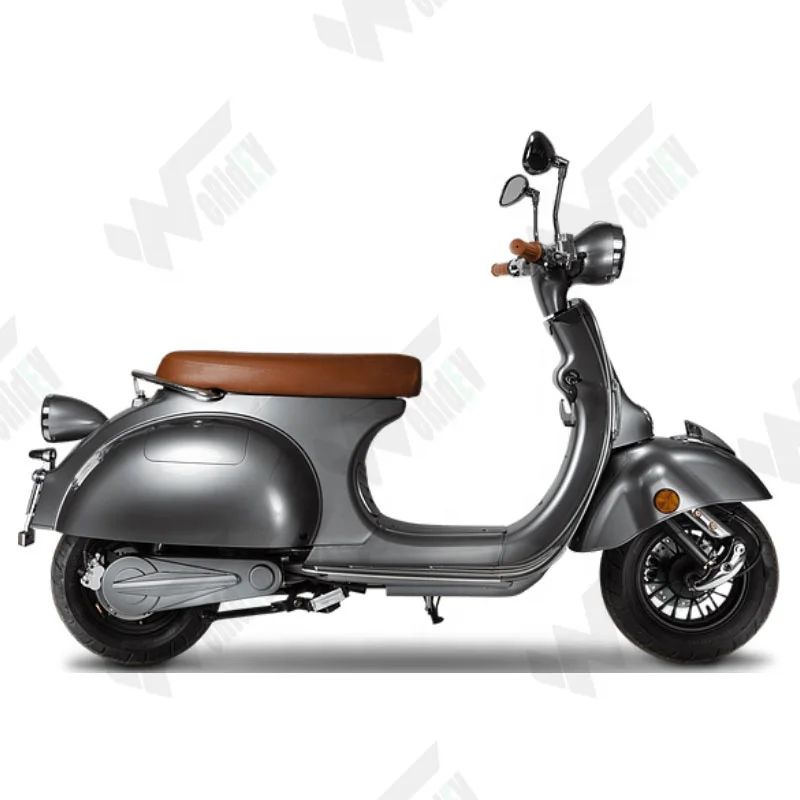 75 км/ч быстрая скорость EEC Электрические Скутеры Vespa E скутер для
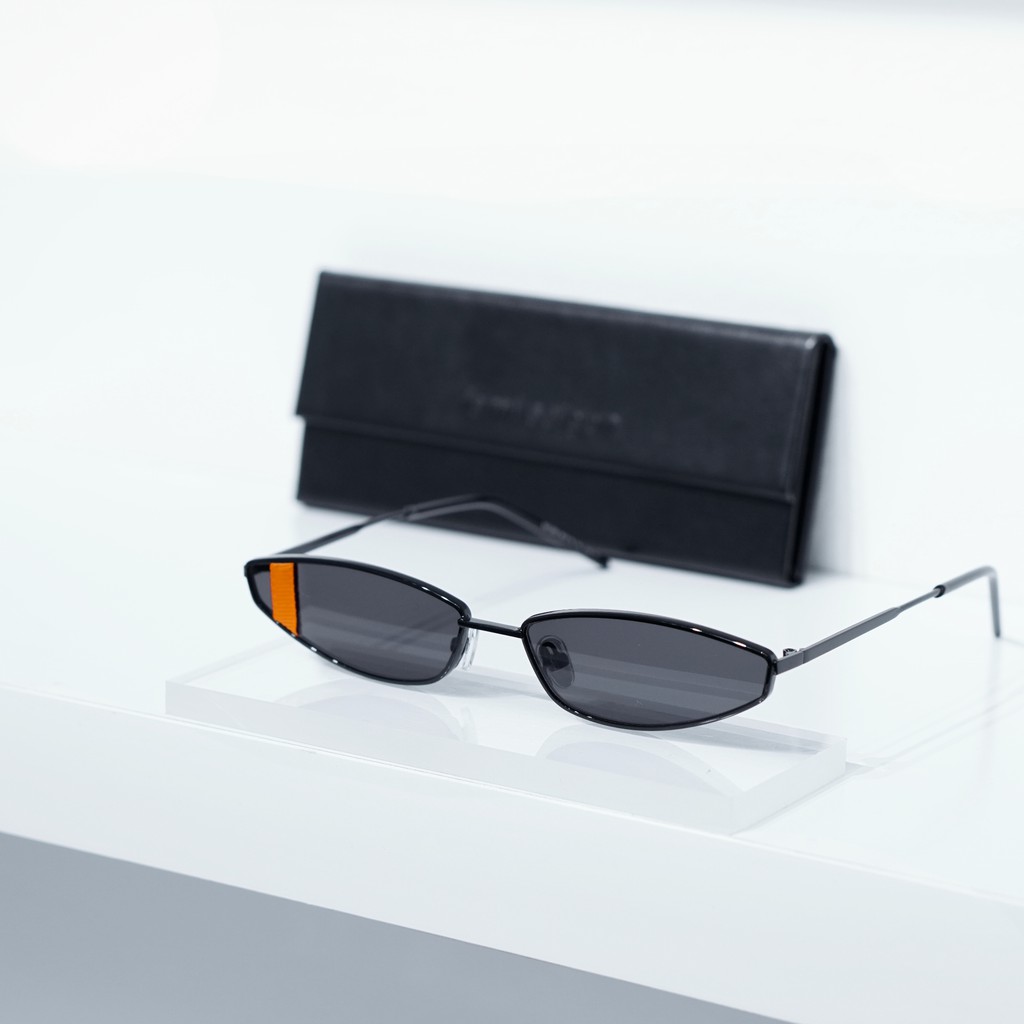 Kính mắt nhỏ Femi Pixi phong cách Futuristic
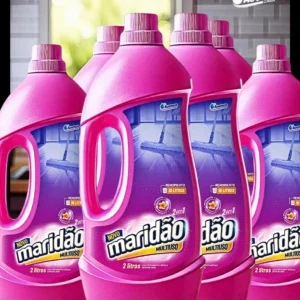 06 x Maridão Limpador Multiuso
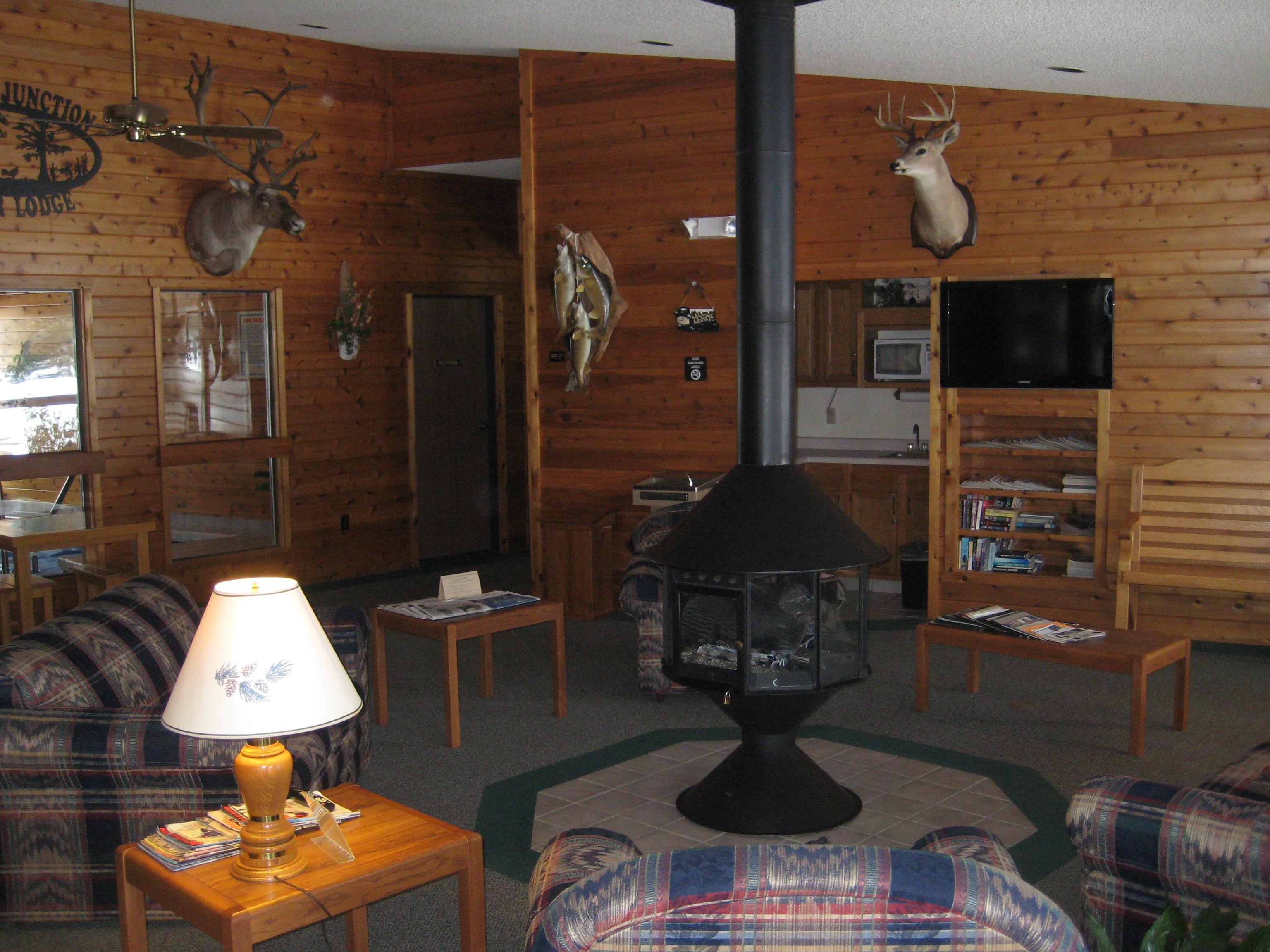 Boulder Junction Motor Lodge-客卧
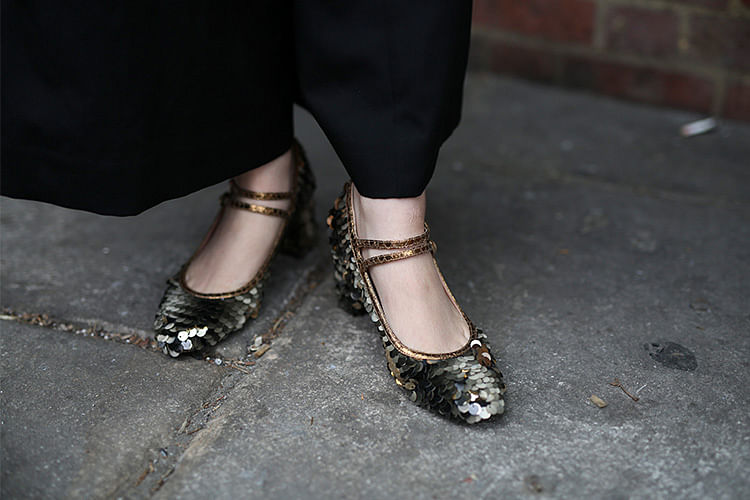 The Most Stylish Low Block Heels That Are Comfy Too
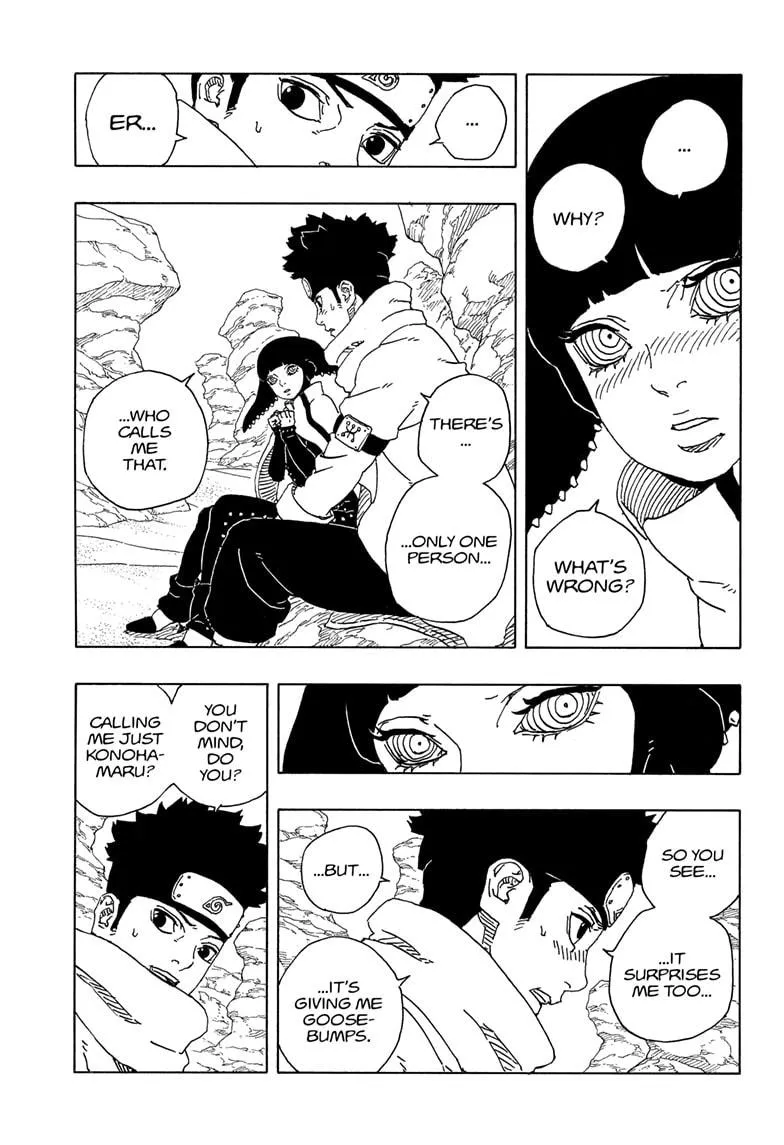 Read Borut Two Blue Vortex Manga Online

※ ※ ※

* Assignment
Type out each line of the records above exactly, skipping any pictures.

* Your solution
 75 км/ч быстрая скорость EEC Электрические Скутеры Vespa E скутер для
 Kính mắt nhỏ Femi Pixi phong cách Futuristic
 06 x Maridão Limpador Multiuso
 Boulder Junction Motor Lodge-客卧
 The Most Stylish Low Block Heels That Are Comfy Too
 Read Borut Two Blue Vortex Manga Online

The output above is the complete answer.